What is the Built Environment?

The term ‘built environment’, or ‘built world’, refers to the human-made surroundings that provide the setting for human activity, ranging in scale from buildings to parks. It has been defined as “the human-made space in which people live, work, and recreate on a day-to-day basis.”

You may be surprised to learn that this definition does not come from the building industry, rather it stems from social science. Similarly, for infrastructure it is not about roads or bridges as much as it is about how a dam provides water supply or how a bridge allows access to the other side. It is about how we interact with and experience the built environment. To use transportation infrastructure as an example, it is the roads, bridges, traffic lights, bike lanes, sidewalks, buses and trains that define “my commute to work” – choices of transport, duration of my journey, how productive or relaxed I am along the way, travelling safely and arriving on-time.

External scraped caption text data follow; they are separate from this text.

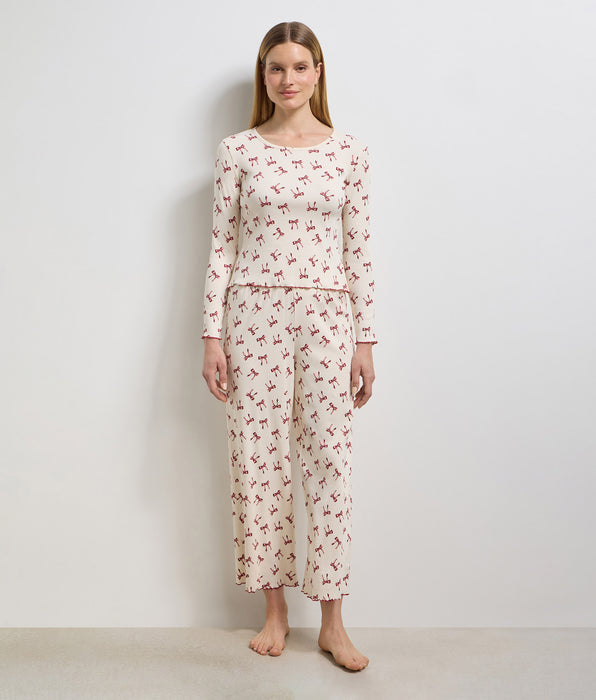 DIM Pantalon long femme coton côtelé ivoire nacré Cozy Christmas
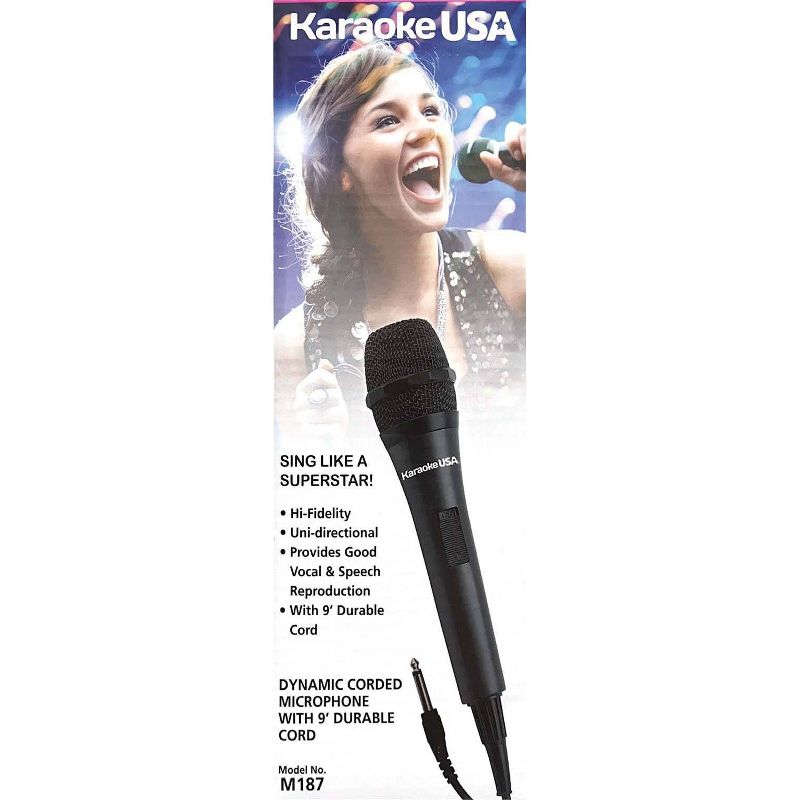 Karaoke USA Professional Dynamic Corded Microphone (M187), 3 of 5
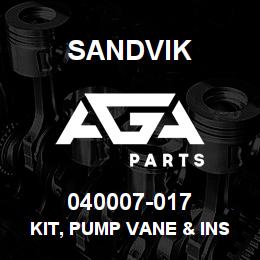 040007-017 Sandvik KIT, PUMP VANE & INSERT | AGA Parts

The Built Environment is all about how we experience the buildings and spaces that we inhabit together with the infrastructure we use and rely upon. It is the confluence of urban design, architecture, engineering, psychology, sociology, sustainability, resilience and technology. The built environment is supported by interacting systems that need to be managed and optimized including transportation, waste disposal, safety, security, health care, emergency services, clean water, connectivity, communications and access to a reliable and ideally, a renewable energy grid.